▶ WORK REQUIRED: The pictures are to be left out when the listing below is reproduced word for word.

▶ DATA EXTRACT:
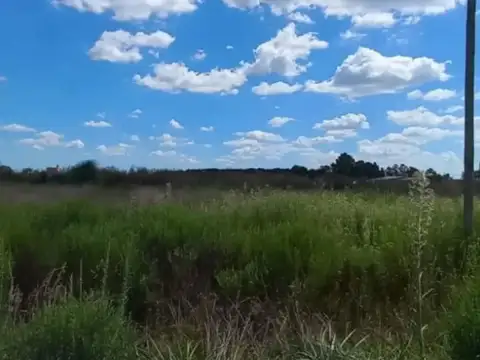 Terreno en Venta 30  mts Fondo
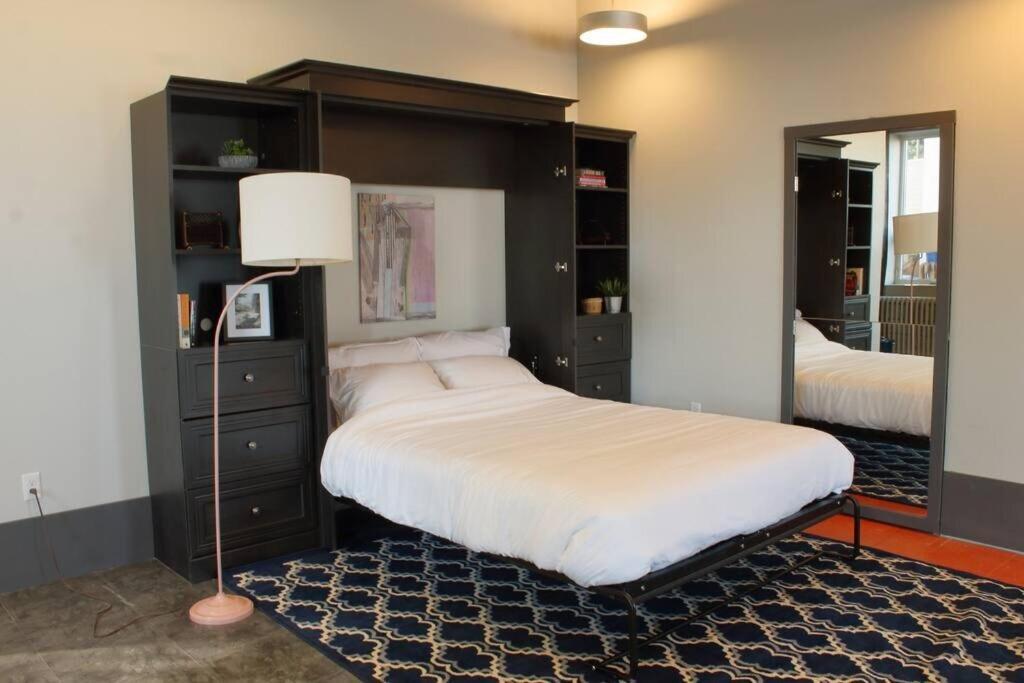 Suite #B, Industrial Styling, Ac 哈利法克斯 外观 照片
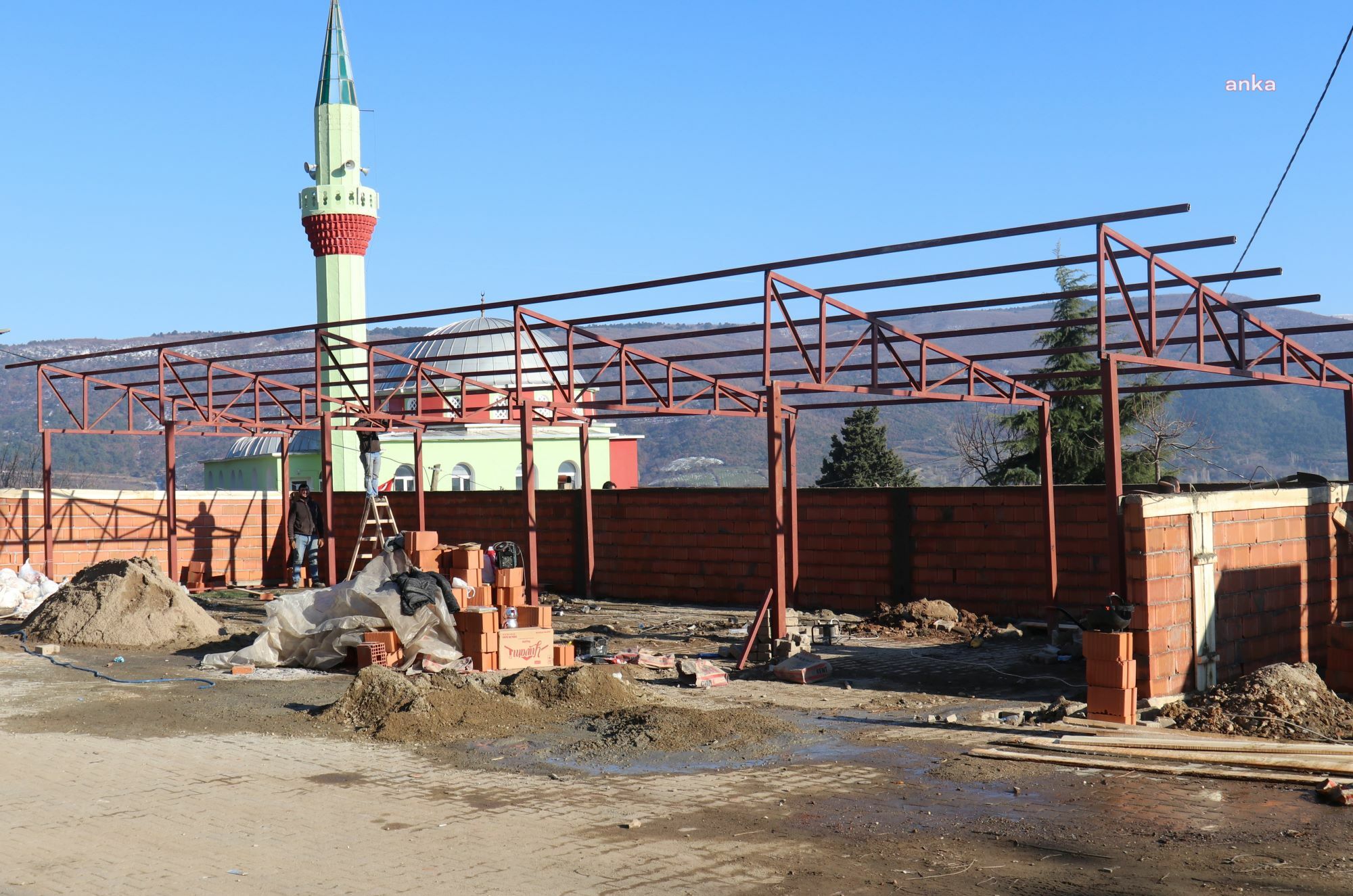 TURGUTLU BELEDİYESİ'NDEN ÖREN MAHALLESİ'NE YENİ KİRAZ ALIM YERİ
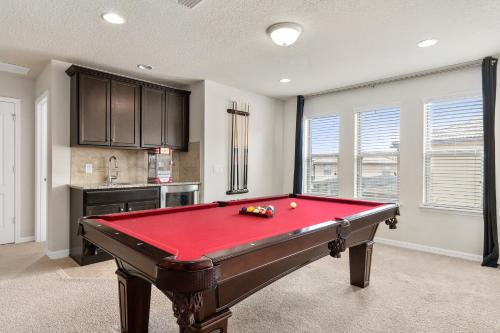 Lovely 9-Bed House in Kissimmee with Pool & Spa - image 7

▶ OUTPUT FOR THIS EXERCISE:
 Terreno en Venta 30  mts Fondo
 Suite #B, Industrial Styling, Ac 哈利法克斯 外观 照片
 TURGUTLU BELEDİYESİ'NDEN ÖREN MAHALLESİ'NE YENİ KİRAZ ALIM YERİ
 Lovely 9-Bed House in Kissimmee with Pool & Spa - image 7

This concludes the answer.